TGAC / kontaminant

Tool to look for contaminants, with a kmer database.
15 stars 5 forks source link

which output files to take? #2

Open biocyberman opened 7 years ago

biocyberman commented 7 years ago

I ran this command and got many .FASTQ output files which has suffixes KMER{0..294}.FASTQ. I am not sure which output to take for downstream analysis. Can you clarify?

kmer_filter_160 --reference hg38_k21.kmers --read_1 IonTorrentSample.fq --output_prefix IonXpress_005 --mem_height 24

biocyberman commented 7 years ago

Read more carefully the readme, here is what I understand now: File IonTorrentSample_R1_KMERS0.FASTQ contains reads that do not have any REFERENCE kmers in there. IonTorrentSample_R1_KMERS1.FASTQ contains reads that have 1 REFERENCE kmer in each read. And so on.

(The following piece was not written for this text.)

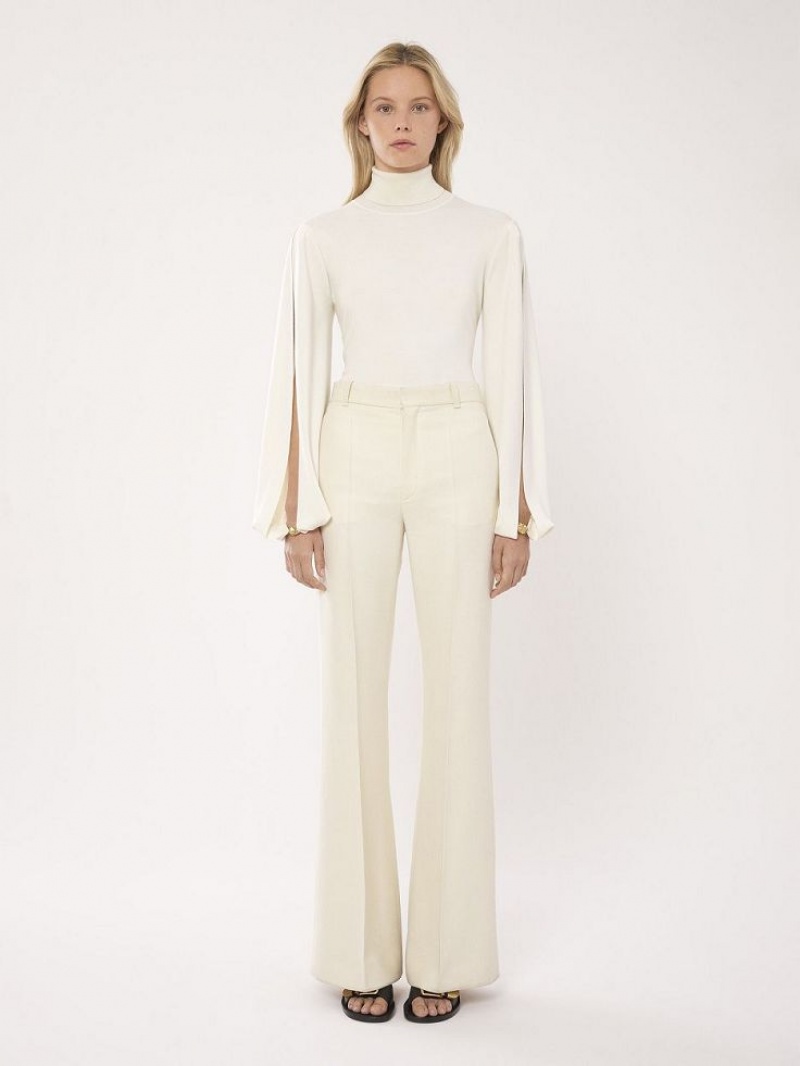 Knitwear Chloe Fitted Mock-neck Branco | CHE-SR13958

So it is up to me to choose a threshold of what level of contaminant I want to accept?

richardmleggett commented 7 years ago

Hi, Sorry, this old version of kontaminant is not really supported any more. There's a new version here: https://github.com/richardmleggett/kontaminant which I maintain.

biocyberman commented 7 years ago

Ooops! Can you or someone write a big notice on this repo about the discontinuing of support? And some user guide on the new repo will be nice.

homonecloco commented 7 years ago

Hi, As you figured out, it is opt to you to decide the threshold. When we wrote this originally we figured out that you get a distribution of number of k-mers from the contamination. The code as it is works, but richard has been refactoring it. Best, Ricardo.